As shown in Figure 12, conventional communication techniques focus on the correct transmission of bit streams. If part of the bit transmission fails, the receive end cannot recover the intent or information of the transmit end during image recovery. In this case, errored bits appear as mosaics, and artifacts appear on the entire image.

Figure 11 Differentiated transmission of feature flows over air interfaces based on semantic guidance

Figure 12 Air interface communication with the fault tolerance of feature flows
In contrast, air interface communication with the fault tolerance of feature flows ensures that the receive end can recover or infer the intent or information of the transmit end, even if part of the bit transmission fails, meaning that the image can be recovered. To sum up, by leveraging fault tolerance of feature flows, we can significantly improve the tolerance and recovery capabilities of air interface communication.
6 Conclusion and Outlook
This paper discussed the evolution trend, key technologies, and application prospects of AI in 5G-A networks. It covers the evolution of AI models, the rapid progress of computing power and data, and the key values and use cases of AI in 5G-A networks, comprehensively demonstrating the opportunities and challenges faced by 5G-A AI technologies. In particular, AI's key role in improving network performance, providing high-quality AI services, and enabling embodied intelligence and AIGC applications underscores its core position in future communication and network development.

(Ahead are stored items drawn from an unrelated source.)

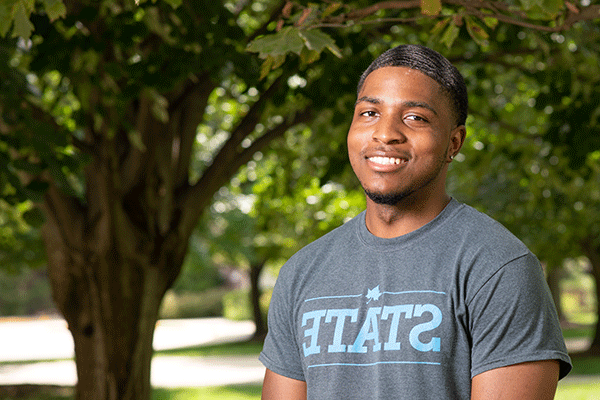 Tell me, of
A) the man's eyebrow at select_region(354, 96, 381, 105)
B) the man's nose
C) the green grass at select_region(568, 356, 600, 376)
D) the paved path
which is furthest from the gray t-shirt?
the green grass at select_region(568, 356, 600, 376)

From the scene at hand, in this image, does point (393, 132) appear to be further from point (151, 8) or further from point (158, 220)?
point (158, 220)

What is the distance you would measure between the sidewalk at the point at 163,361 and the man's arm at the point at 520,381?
9014 mm

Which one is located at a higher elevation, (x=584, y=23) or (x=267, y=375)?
(x=584, y=23)

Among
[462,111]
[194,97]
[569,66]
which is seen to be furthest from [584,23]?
[462,111]

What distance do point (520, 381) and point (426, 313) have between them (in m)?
0.26

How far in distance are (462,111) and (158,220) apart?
4.30 meters

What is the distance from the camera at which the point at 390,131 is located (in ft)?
6.28

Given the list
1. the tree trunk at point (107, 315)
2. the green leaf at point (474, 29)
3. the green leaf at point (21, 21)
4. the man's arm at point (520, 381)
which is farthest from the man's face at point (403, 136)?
the tree trunk at point (107, 315)

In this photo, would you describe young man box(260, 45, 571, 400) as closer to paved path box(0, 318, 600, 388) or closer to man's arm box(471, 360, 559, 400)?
man's arm box(471, 360, 559, 400)

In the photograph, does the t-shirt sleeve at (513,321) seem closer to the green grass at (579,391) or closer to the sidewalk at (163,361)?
the sidewalk at (163,361)

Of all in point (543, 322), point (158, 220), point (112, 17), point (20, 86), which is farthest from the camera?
point (158, 220)

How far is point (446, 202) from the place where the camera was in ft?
6.53

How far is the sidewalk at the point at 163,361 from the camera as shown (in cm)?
1350

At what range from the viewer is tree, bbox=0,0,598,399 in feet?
14.7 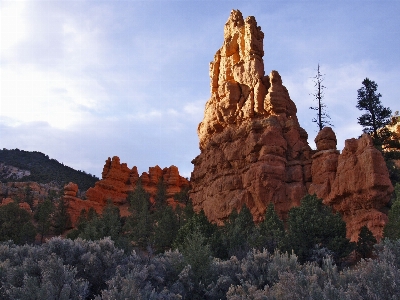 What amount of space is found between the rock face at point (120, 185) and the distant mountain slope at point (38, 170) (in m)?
17.9

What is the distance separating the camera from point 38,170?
107125mm

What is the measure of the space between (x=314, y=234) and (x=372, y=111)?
3391 centimetres

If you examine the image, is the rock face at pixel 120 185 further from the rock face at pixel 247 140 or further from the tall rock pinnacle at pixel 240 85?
the tall rock pinnacle at pixel 240 85

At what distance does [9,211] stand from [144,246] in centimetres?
1878

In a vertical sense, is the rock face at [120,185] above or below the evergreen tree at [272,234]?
above

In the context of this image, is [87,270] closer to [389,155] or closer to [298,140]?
[298,140]

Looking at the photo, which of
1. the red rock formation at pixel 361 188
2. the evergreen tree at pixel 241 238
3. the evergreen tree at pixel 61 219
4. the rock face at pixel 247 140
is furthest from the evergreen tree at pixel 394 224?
the evergreen tree at pixel 61 219

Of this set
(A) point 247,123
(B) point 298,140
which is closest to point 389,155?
(B) point 298,140

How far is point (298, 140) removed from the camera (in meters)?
46.3

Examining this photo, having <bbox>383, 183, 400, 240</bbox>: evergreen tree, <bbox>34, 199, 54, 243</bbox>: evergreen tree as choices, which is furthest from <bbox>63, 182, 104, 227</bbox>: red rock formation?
<bbox>383, 183, 400, 240</bbox>: evergreen tree

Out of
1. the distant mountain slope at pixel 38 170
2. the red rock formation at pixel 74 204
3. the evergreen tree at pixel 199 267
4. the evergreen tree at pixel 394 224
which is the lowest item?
the evergreen tree at pixel 199 267

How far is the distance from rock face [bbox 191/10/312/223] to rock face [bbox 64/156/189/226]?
1884 cm

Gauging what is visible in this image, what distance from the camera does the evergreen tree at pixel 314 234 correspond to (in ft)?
88.0

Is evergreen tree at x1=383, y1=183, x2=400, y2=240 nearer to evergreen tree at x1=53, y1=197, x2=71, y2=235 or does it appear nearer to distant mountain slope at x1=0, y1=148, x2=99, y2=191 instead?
evergreen tree at x1=53, y1=197, x2=71, y2=235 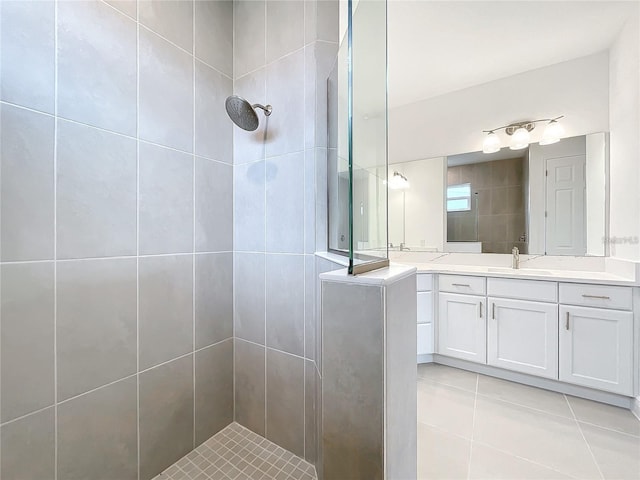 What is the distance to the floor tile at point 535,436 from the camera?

The in-depth integration of 5G-A and AI will herald the arrival of a new intelligent era. As technology advances, the potential of AI will become more apparent in more fields, especially in NLP, image and video generation, and multimodal interaction. This will enable more personalized and intelligent services to improve user experience and provide innovative solutions for various industries. Furthermore, AI's huge demand for computing power and data will continuously drive the upgrade of hardware and network infrastructures to empower more efficient distributed training and inference. Key technologies in improving wireless network performance, such as AI-based constellation design, flexible pilot, high-precision channel measurement, and coverage enhancement waveform, will further optimize the use of network resources and improve communication efficiency.

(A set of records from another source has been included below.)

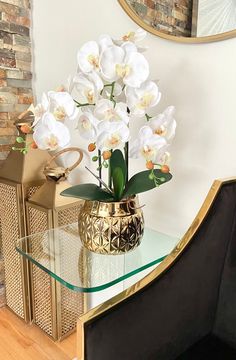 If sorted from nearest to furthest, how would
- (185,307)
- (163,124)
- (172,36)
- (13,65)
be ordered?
(185,307), (163,124), (172,36), (13,65)

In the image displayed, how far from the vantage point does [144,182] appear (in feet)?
3.14

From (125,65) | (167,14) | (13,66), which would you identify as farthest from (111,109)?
(13,66)

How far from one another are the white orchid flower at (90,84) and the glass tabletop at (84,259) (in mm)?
520

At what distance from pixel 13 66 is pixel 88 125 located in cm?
92

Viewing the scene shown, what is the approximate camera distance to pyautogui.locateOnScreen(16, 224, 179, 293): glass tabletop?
3.05ft

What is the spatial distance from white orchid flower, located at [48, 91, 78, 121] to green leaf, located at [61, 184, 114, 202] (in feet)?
0.76

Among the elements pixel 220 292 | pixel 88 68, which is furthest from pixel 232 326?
pixel 88 68

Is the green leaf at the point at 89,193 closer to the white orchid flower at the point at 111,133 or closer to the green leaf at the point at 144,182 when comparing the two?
the green leaf at the point at 144,182

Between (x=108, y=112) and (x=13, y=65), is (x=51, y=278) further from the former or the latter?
(x=13, y=65)

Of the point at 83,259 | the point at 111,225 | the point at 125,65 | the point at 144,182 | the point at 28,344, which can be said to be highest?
the point at 125,65

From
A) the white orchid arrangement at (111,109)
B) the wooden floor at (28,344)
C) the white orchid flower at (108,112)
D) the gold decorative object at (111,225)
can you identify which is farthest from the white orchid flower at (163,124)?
the wooden floor at (28,344)

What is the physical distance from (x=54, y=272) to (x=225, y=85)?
796mm

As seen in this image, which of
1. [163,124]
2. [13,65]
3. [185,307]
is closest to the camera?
[185,307]

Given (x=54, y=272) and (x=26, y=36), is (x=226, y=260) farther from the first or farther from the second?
(x=26, y=36) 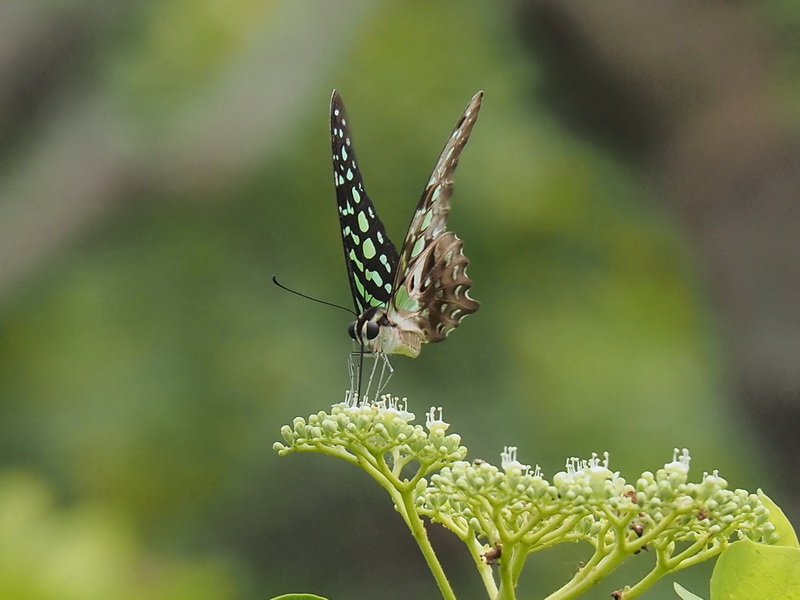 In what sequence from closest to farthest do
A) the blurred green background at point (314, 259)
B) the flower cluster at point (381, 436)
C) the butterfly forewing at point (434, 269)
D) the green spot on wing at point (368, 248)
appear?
the flower cluster at point (381, 436), the butterfly forewing at point (434, 269), the green spot on wing at point (368, 248), the blurred green background at point (314, 259)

Although AI has a promising future, it also faces many challenges:
- New breakthroughs in network capabilities: The continuous evolution of 5G-A technologies will further improve the network speed, connection density, and latency.
- New network O&M mode: Intelligent and automated tools will change the network O&M mode and improve efficiency and accuracy.
- Popularization of intelligent services: AI technologies will be widely used in various industries to significantly improve production efficiency and user experience.
- Technological innovation and integration: New technologies such as edge computing and network slicing will be deeply integrated with AI to provide customized services for specific application scenarios.
- Data security and privacy protection: As the amount of data processed by AI increases, technologies and regulations that ensure data security and user privacy need to be strengthened.
- AI explainability: It is necessary to improve the transparency and explainability of AI decision-making to ensure the fairness and security of the system.
In summary, AI in the 5G-A era marks a new beginning, and its development will have a profound influence on the future social structure and human life.